Beyond Ex-Gay

Jesus and the Precious Rubble

By Peterson Toscano


So many people I meet who have had ex-gay experiences consider themselves post-Christians. Perhaps they do not use that term, but many who once had an Evangelical Conservative belief in Jesus now do not belong to any faith community and do not practice any religion. A friend recently mentioned that when she goes to a church service she experiences post traumatic stress.

Picture of rubbleI know that feeling. Hearing a song we used to sing in a church where I now do not feel welcome anymore, my throat closes up and a muddiness rises in my heart. Even in rainbow-clad friendly churches, I can experience flashbacks to the days when I struggled with God to deliver me from my homosexual desires believing that if I didn't get free, I could not serve Him or enjoy his presence.

I have to say that after years of living as an Evangelical Fundamentalist and sometimes Pentecostal/Charismatic Christian, I struggle with understanding and expressing my current faith and spirituality. I am a Christ-centered Quaker, but I am not sure what that means—at least for me.

Recently at Pendle Hill, a Quaker study center outside of Philadelphia, I sat down with the words of the Quaker Isaac Penington.

From the Pendle Hill Pamphlet 29 The Inward Journey of Isaac Penington:

Therefore take heed of the fleshly wisdom; take heed of thine own understanding; take heed of thy reasoning or disputing; for these are weapons wherewith the witness is slain.

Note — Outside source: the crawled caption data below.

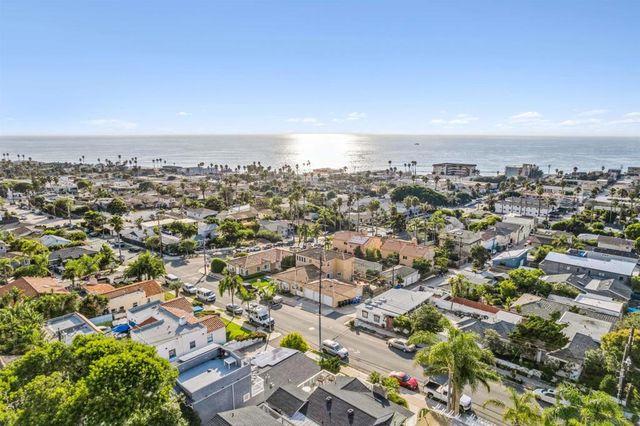 1564 Ebers St., San Diego, CA 92107
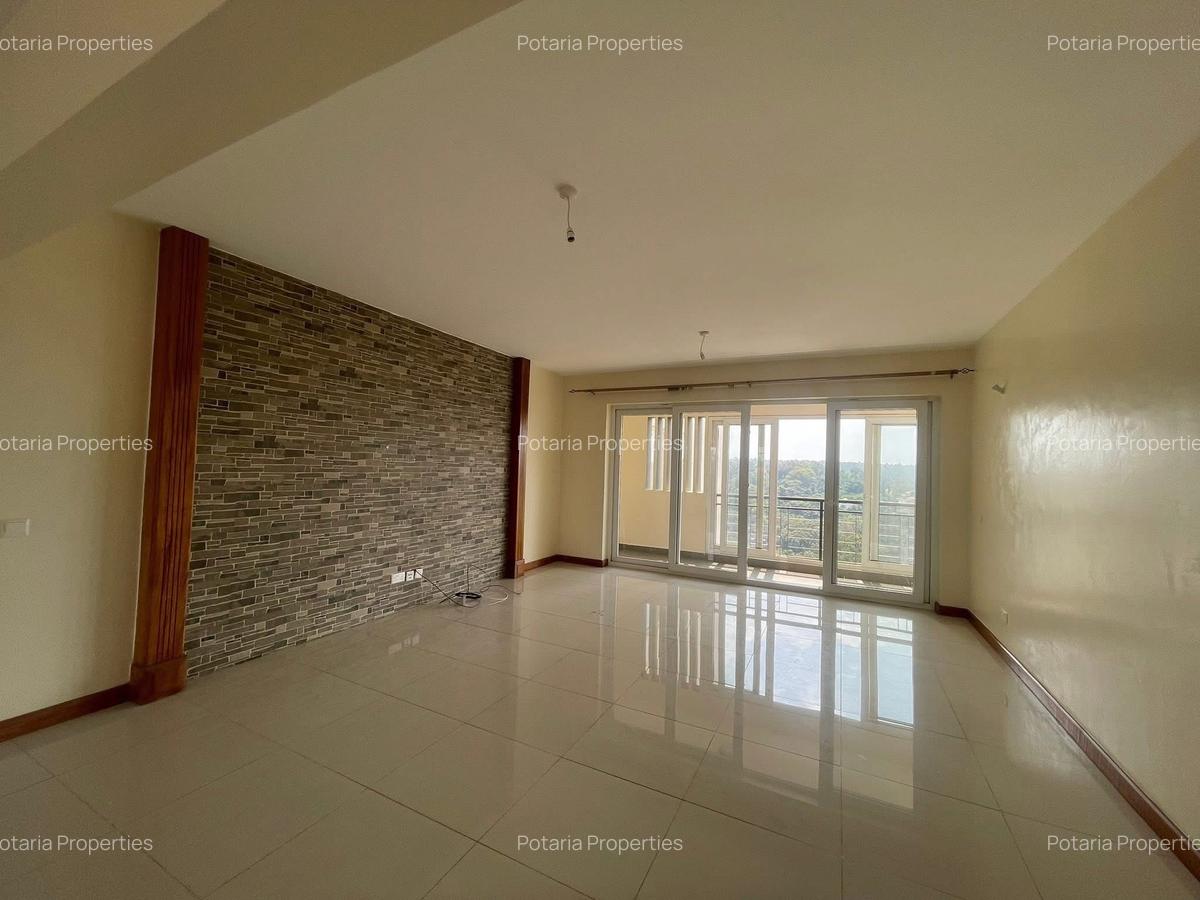 4 Bed Apartment with En Suite in Parklands - 5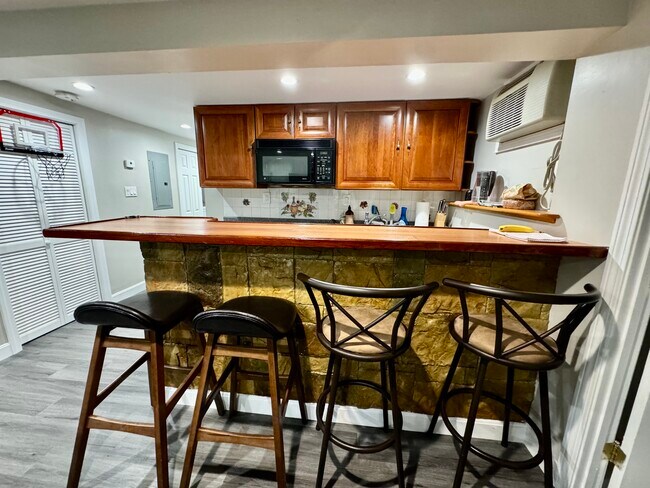 Building Photo - 62 Manet Rd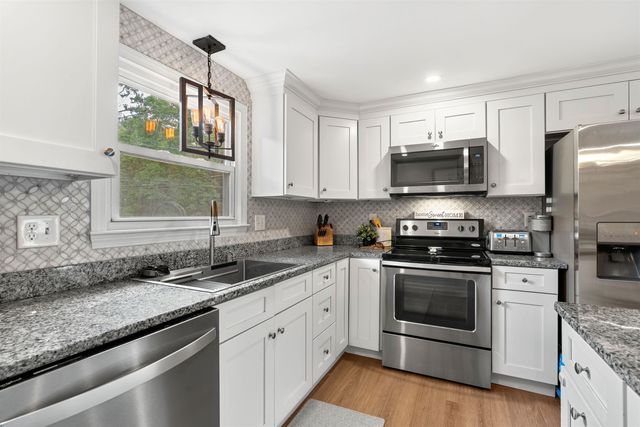34 Tallant Road, Pelham, NH 03076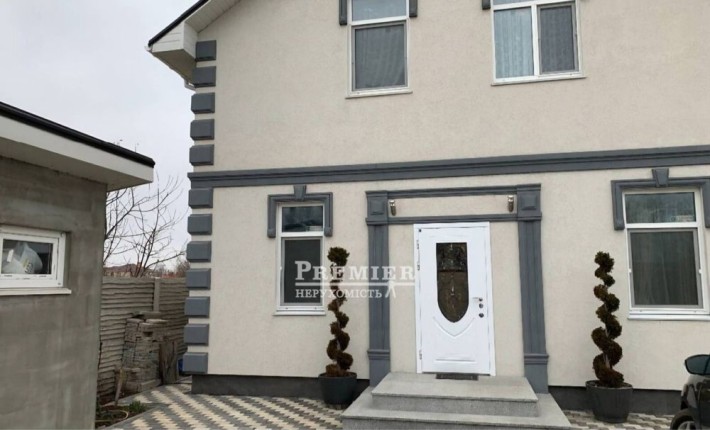 В продаже шикарный дом в Фонтанке - фото 1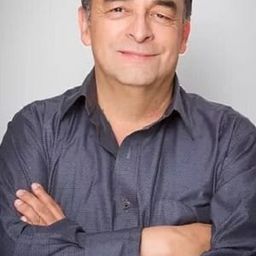 Álvaro Bayona 飾演 Jorge Espinosa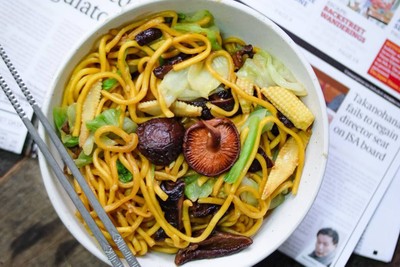 วิธีทำ ยากิโซบะเห็ดหอม สูตรเจ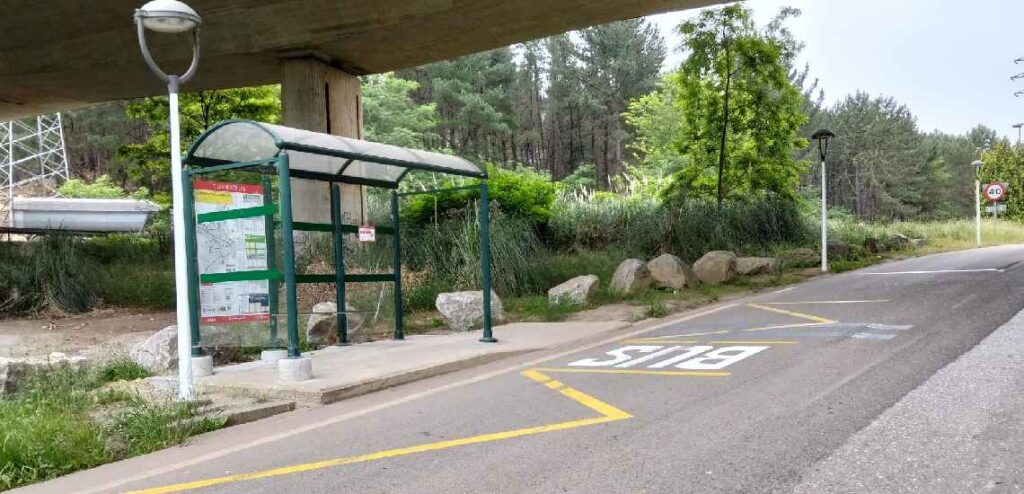 Las paradas del torrebus cuenta con nuevas marquesinas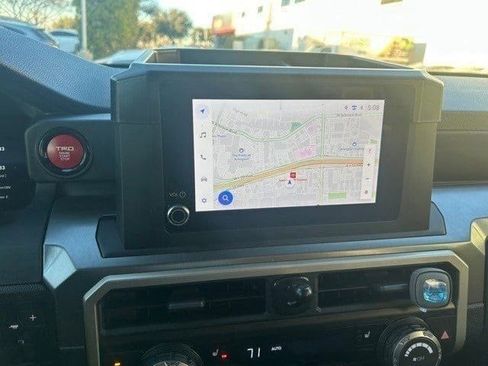 Used 2024 Toyota Tacoma TRD Sport image 13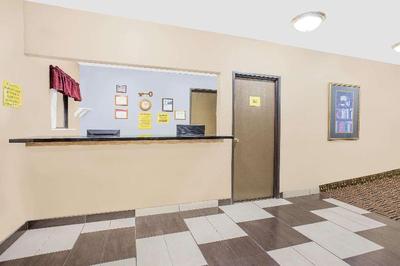 Boarders Inn & Suites Waterloo/Cedar Falls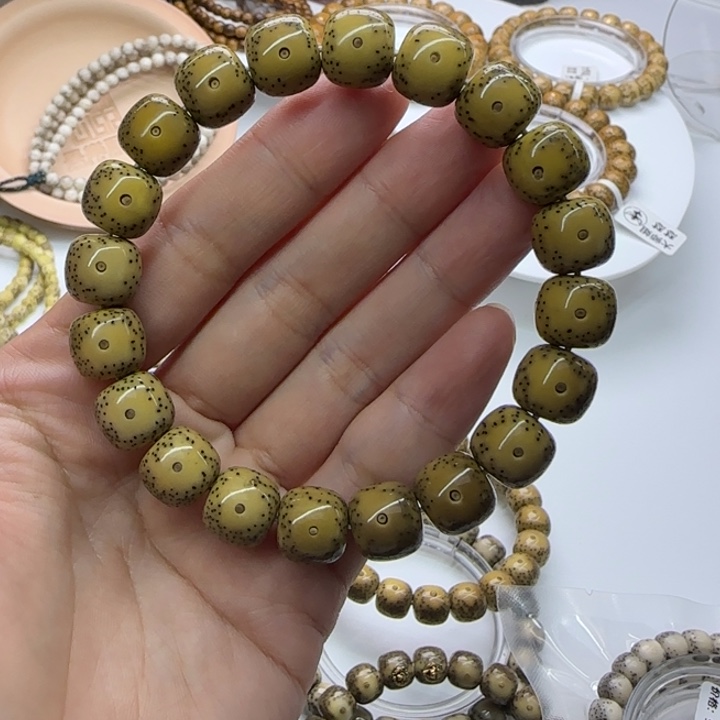 *****吊坠星月菩提，一物一图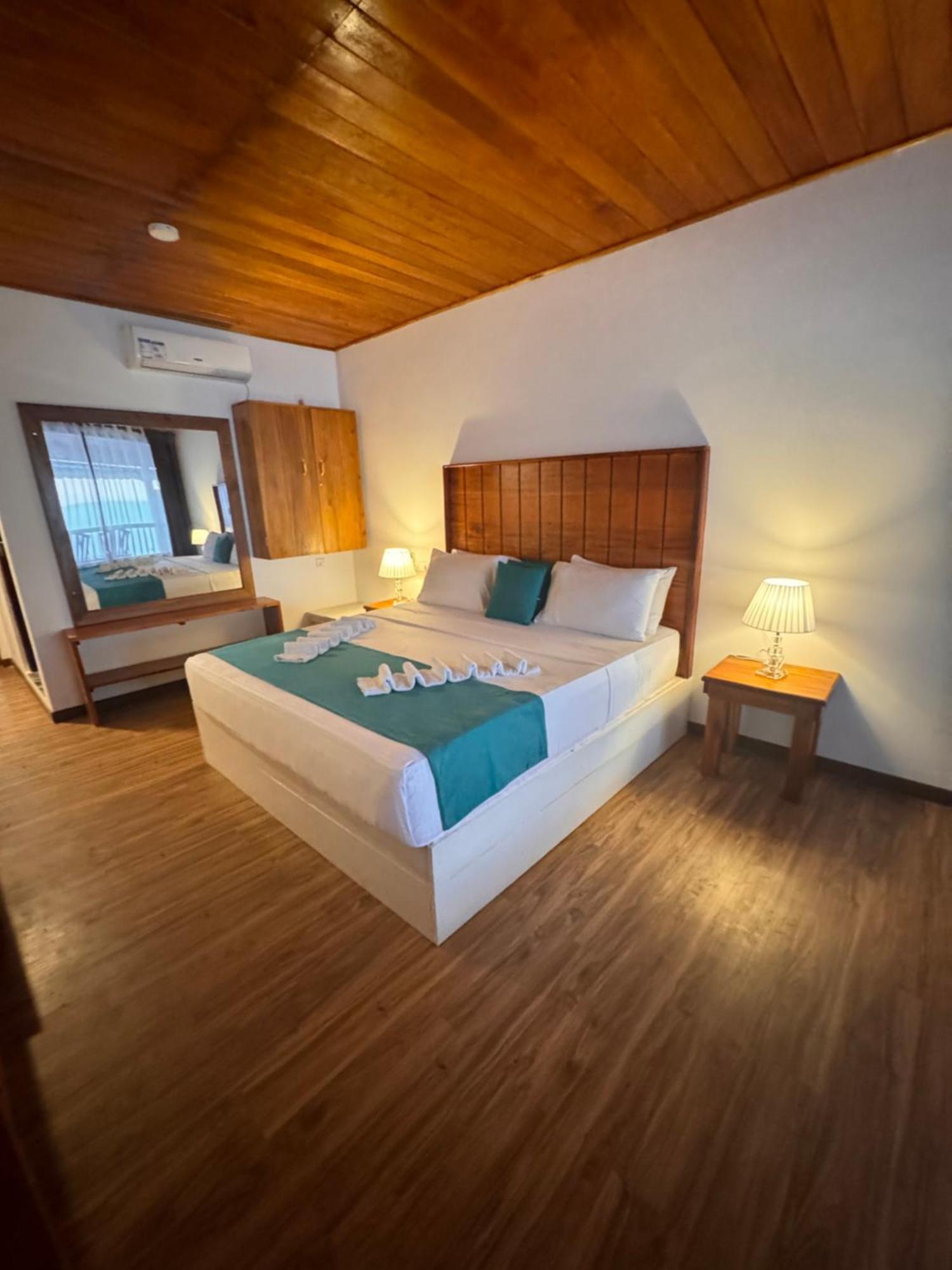 One World Mirissa Hotel ภายนอก รูปภาพ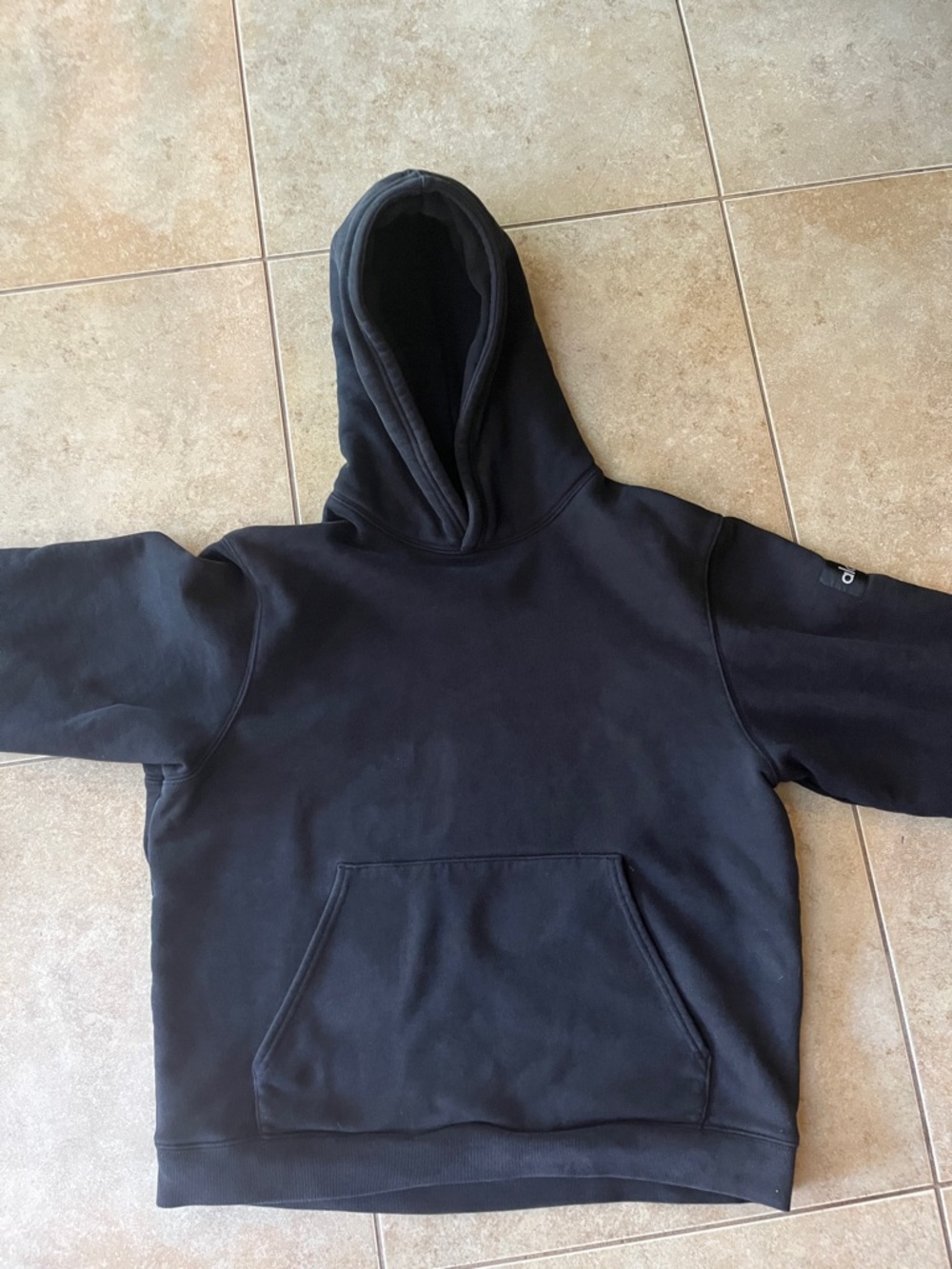 ALO Yoga Black Crewneck Hoodie with Kangaroo Pocket
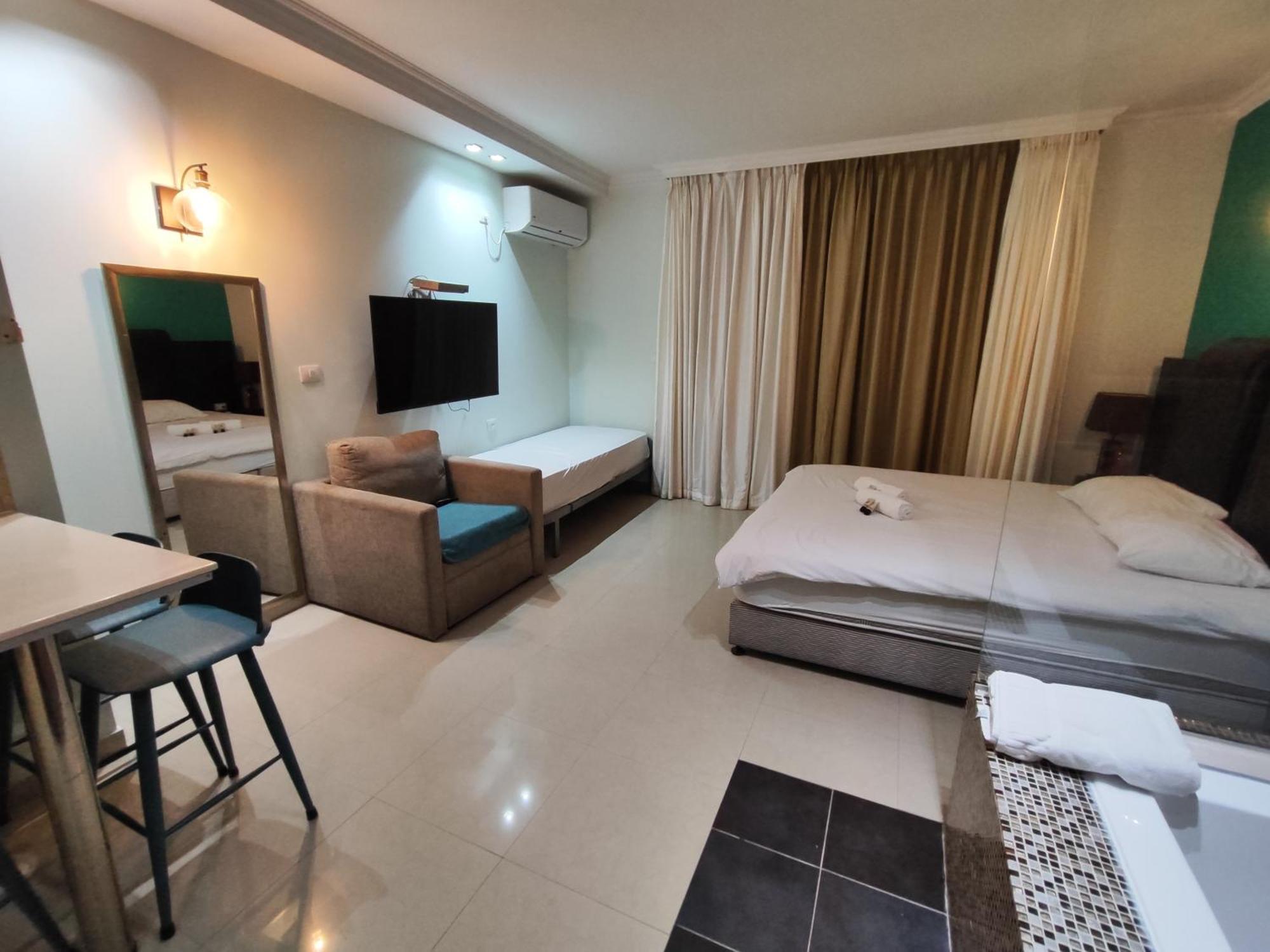 Marina Beach Hotel Tel-Aviv Extérieur photo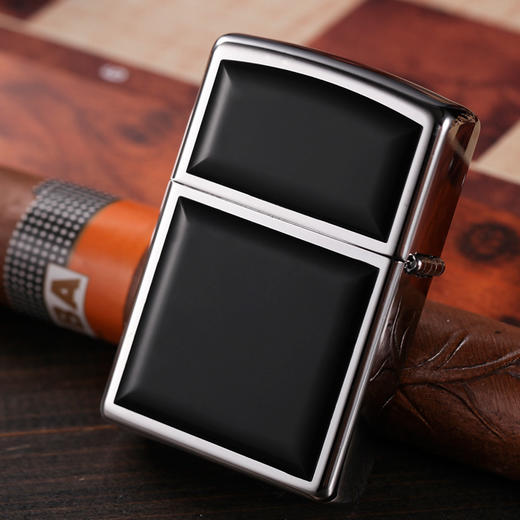 芝宝打火机（黑雅士镜面镀铭徽章）356 商品图1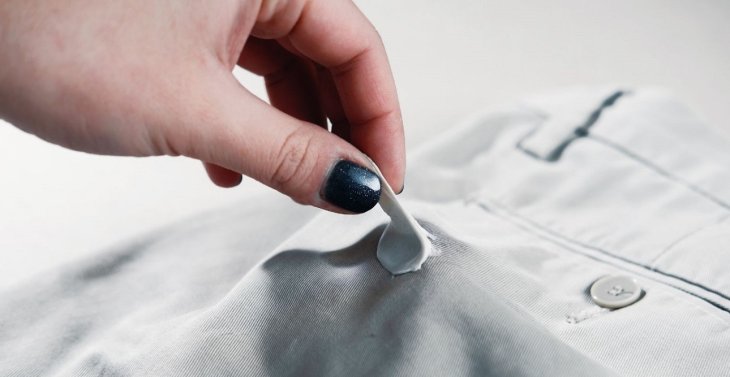 Як видалити жуйку з одягу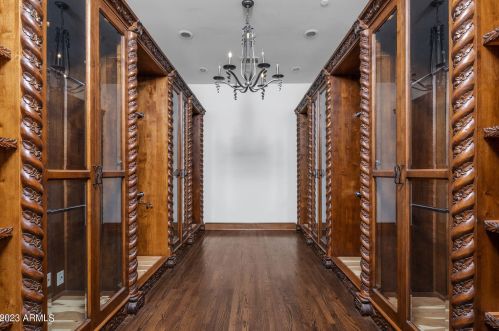 41 Biltmore Est, Phoenix AZ 85016-2819 exterior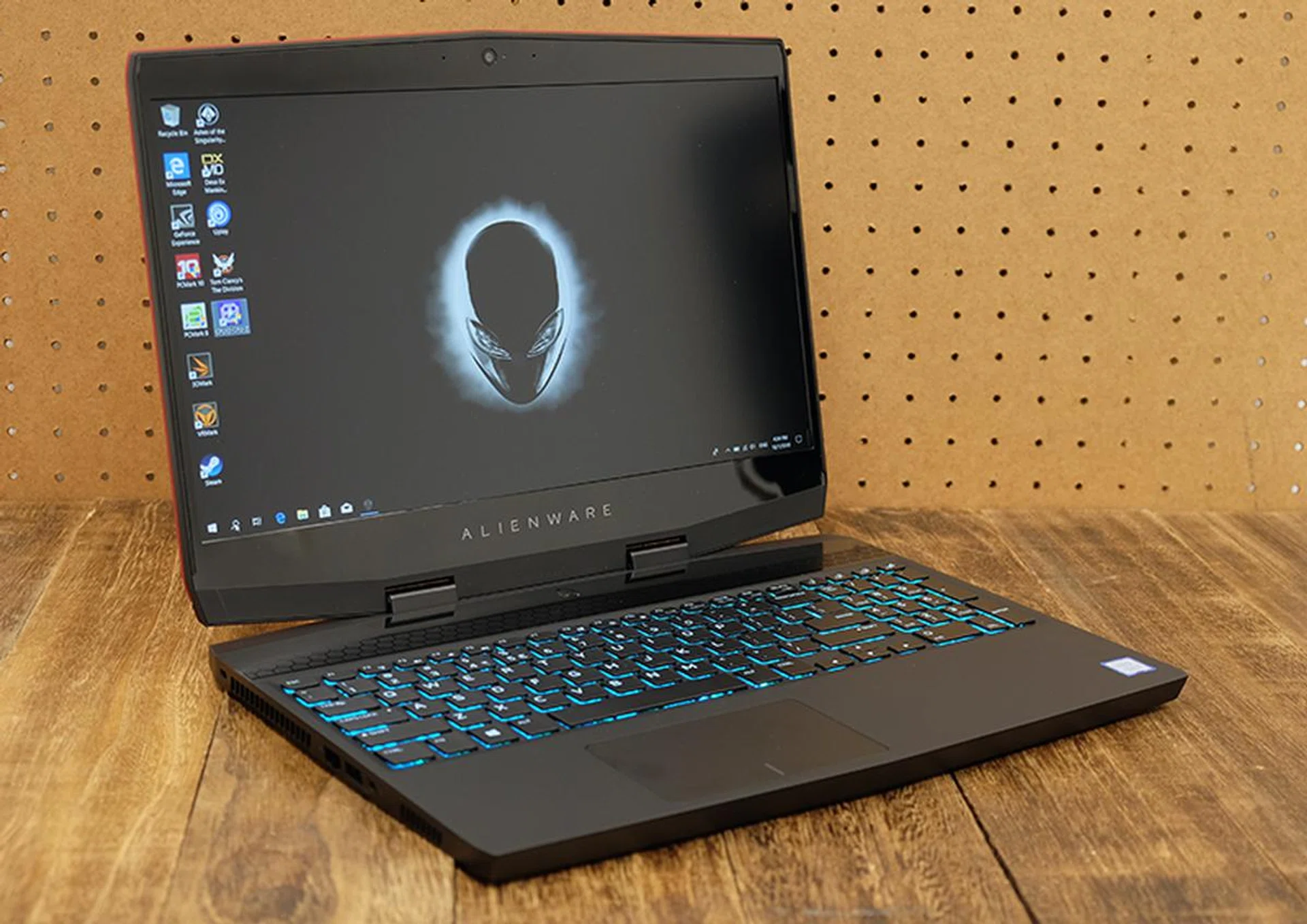 Alienware m15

That wisdom must be destroyed, and that understanding brought to naught, and thou become a child, and learn as a child if ever thou know the things of God.

These words comfort me right now. He writes about how we have to give up our old ways of thinking about God and become like little children.
Peterson as a child on the porch
I feel like a little child with my faith right now. I don't have vocabulary like I once did. I live with more questions than answers, and my spiritual needs seem basic. Christ be near me, feed me, hold me. I deconstructed much of my belief system and now stand on a pile of rubble—precious rubble—but rubble all the same. Even so, I do not feel ill at ease about where I stand, rather I have a strange peace.

As I sit in the silence of Quaker meeting and my own worship times, I let the Light wash over me, search me, know me, absorb my questions, hear my groans that words cannot express, and communicate with me spirit to spirit bypassing the messy mind, getting to the heart of the matter. Be still; know God.